今尾 光(スポ2=大阪・浪速) ベスト8、優秀選手賞

末廣 祥彦(スポ2=東京・世田谷学園) 3回戦敗退

コメント

今尾光(スポ2=大阪・浪速)

――きょうの試合を振り返って

自分は結構調子が良い方だと思っていたんですけど、最後はずっとライバルである西村くん(近畿大)と戦ったんですけど、力不足で負けてしまいました。

――今大会にはどのような気持ちで臨みましたか

優勝は狙っていたんですけど、優勝優勝ばかり狙わずに、気楽にいこうと思っていました。

――最後の試合では、高校2年からずっと負けている相手だと聞きました。どのような気持ちで臨みましたか

常に前という気持ちでやっていたんですけど、最後にちょっとした気の緩みでケリがまわってしまったので、非常に悔しかったです。

――勝たなきゃとかいう気持ちはありましたか

勝たなきゃとかいうよりも勝ちたいという気持ちばっかりで。そんなにプレッシャーとかはなかったんですけど、向こうも近畿大学で強い大学なので、やっつけたいという気持ちが強かったです。

――相手との差は何だったと思いますか

練習量と自覚の差かなと思います。

――次の団体戦に向けて

次は全日本で近畿大学と戦って勝てるようにすることです。僕だけじゃなくてチーム全体で強くなっていきたいと思います。

末廣祥彦(スポ2=東京・世田谷学園)

――今大会はどのような目標をもって試合に臨まれましたか

怪我で本当に1週間くらいしか調整ができなかったので、自分のベストな状態ではないと思っていました。その中で、結果ではなくて、代表になったという責任感をもって組手ができれば良いと思って臨みました。

――初戦を振り返ってみていかがですか

3回戦が強い相手だと分かっていたので、2回戦で体を動かして、とりあえず自分から技を出そうと取り組みました。もっとポイントが取れたら良かったのですが、勢いも自分の方があり、押した組手ができたのでそれなりに良かったと思います。
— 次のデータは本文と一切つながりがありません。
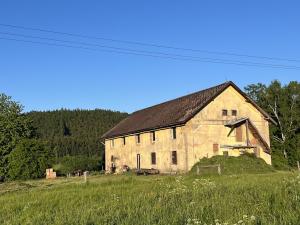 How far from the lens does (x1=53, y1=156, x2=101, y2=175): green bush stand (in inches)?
2351

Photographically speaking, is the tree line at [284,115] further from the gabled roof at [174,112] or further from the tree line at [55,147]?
the gabled roof at [174,112]

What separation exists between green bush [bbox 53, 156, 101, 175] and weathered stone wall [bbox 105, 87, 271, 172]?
14.3 metres

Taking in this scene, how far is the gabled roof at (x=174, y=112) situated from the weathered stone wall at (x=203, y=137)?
630 millimetres

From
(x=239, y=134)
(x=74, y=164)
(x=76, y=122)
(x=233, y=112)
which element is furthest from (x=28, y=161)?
(x=76, y=122)

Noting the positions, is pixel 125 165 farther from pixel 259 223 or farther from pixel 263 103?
pixel 259 223

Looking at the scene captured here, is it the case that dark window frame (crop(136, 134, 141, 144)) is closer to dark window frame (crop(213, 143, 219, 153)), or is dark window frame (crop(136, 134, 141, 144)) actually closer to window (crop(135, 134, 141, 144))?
window (crop(135, 134, 141, 144))

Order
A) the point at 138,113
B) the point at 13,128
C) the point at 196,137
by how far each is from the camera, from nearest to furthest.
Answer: the point at 196,137 < the point at 13,128 < the point at 138,113

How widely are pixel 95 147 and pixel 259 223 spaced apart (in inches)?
4951

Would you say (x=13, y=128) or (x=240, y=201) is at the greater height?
(x=13, y=128)

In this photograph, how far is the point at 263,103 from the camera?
66.1m

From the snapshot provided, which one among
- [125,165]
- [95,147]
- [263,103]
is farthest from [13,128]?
[95,147]

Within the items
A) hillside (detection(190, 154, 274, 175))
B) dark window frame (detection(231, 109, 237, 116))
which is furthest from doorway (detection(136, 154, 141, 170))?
dark window frame (detection(231, 109, 237, 116))

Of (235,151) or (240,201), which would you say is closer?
(240,201)

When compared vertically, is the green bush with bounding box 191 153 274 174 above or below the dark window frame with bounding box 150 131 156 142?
below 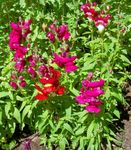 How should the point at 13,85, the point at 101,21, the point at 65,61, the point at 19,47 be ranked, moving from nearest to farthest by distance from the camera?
the point at 65,61, the point at 19,47, the point at 13,85, the point at 101,21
――3回戦では全日本強化選手との対戦となりましたが、どのような対策をされていましたか

お互いに技を知っていて、蹴りが本当に上手な選手なので、そこに気をつけていました。チャンスは少ないと思うのですが、そこをどのように生かしてポイントを取るのかということを考えて臨みました。

――その3回戦を振り返ってみていかがですか

あんまり自分からつくっていく組手ができなかったので、相手に押されて押されて。狙えるところはあったのですが、体が出ていきませんでした。いまでもこの場面では攻められたなというところをはっきりと覚えているので反省はできているのですが、試合の中で反省して、試合の中で改善して判定でも勝てたら良かったと思います。

――やはり怪我の影響はあったのでしょうか

それを言い訳にはできないのですが、ただ万全の状態であればもっと互角に戦えたのかなとは思います。

――夏に向けて意気込みをお聞かせ下さい

足の具合にもよるのですが、まだ全日本団体の出場が決まっているわけではないので、チームの力をもっと上げていきたいと思います。今尾(光、スポ2=大阪・浪速)を筆頭に、自分も今尾を支えて実力で引っ張っていけたら良いと思います。